So, they’re here for now, though I can’t say for how long. It’s possible to keep poinsettias all year as long as you pay attention to them, something I don’t always do. They don’t like bitter cold, but on warm days, time outside with indirect sunshine cheers them, it seems. We’ve been shuttling ours in and out of doors, as if trying to housebreak a half-dozen puppies.

The poinsettias, a little shopworn yet still resilient, are the brightest thing in our landscape right now, though bits of color are popping up throughout the yard, like a groundhog testing his shadow. Several Christmases ago, we got a tiny citrus tree as a gift, placing it in a clay pot until we could plant it in the yard. It’s still pot-bound, trying its best in spite of my shameful neglect. A lone orange hangs from its thin branches, reminding me of a fishing bob on a bamboo pole.
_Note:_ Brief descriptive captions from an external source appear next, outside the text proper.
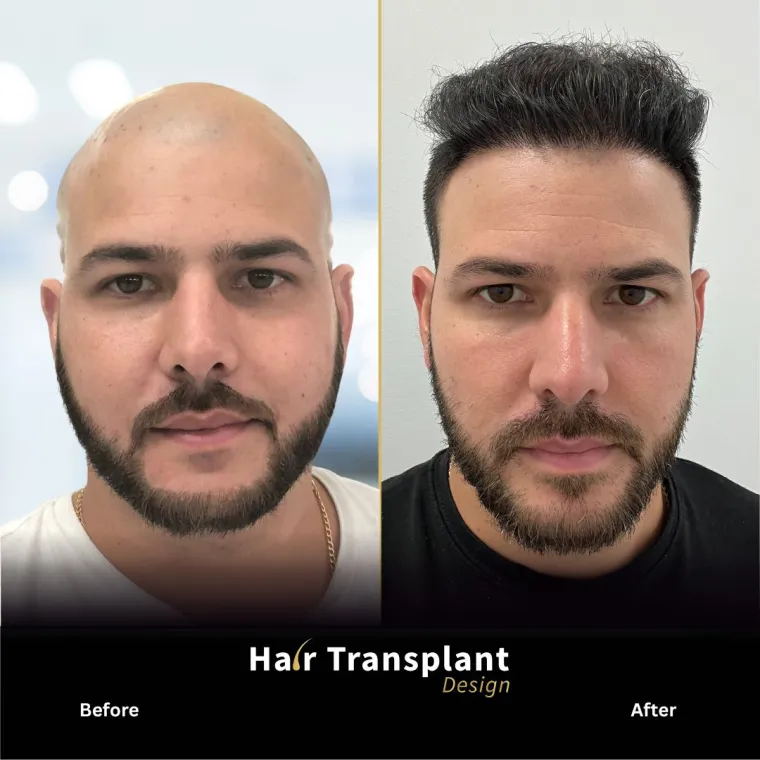 Super full hair restoration, before and after, Hair Transplant Design Tampa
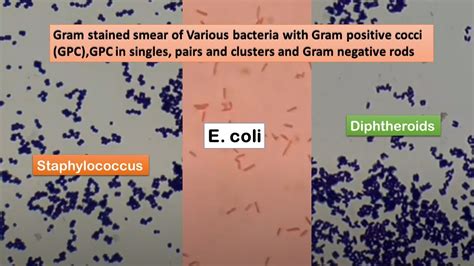 Staphylococcus, E coli and Diphtheroids in Gram stained smear of culture - YouTube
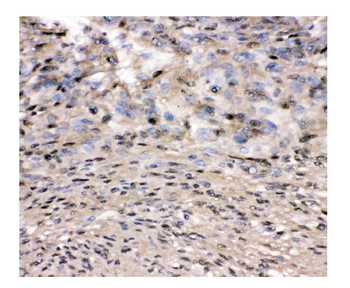 VCP Antibody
Shortly after Christmas, touched by cabin fever, our son, home from college, offered to help us clean and replant two flower beds, a job we usually don’t tackle in winter. But the day was sunny and warm, and the gift of free labor seemed too good to pass up. We weeded and raked, blanketing the beds with a fresh layer of pine straw that gave me pleasant thoughts, in the afterglow of Christmas, about hay in the manger. We pulled up a dead butterfly bush, which clung to the ground as fiercely as a rotted tooth.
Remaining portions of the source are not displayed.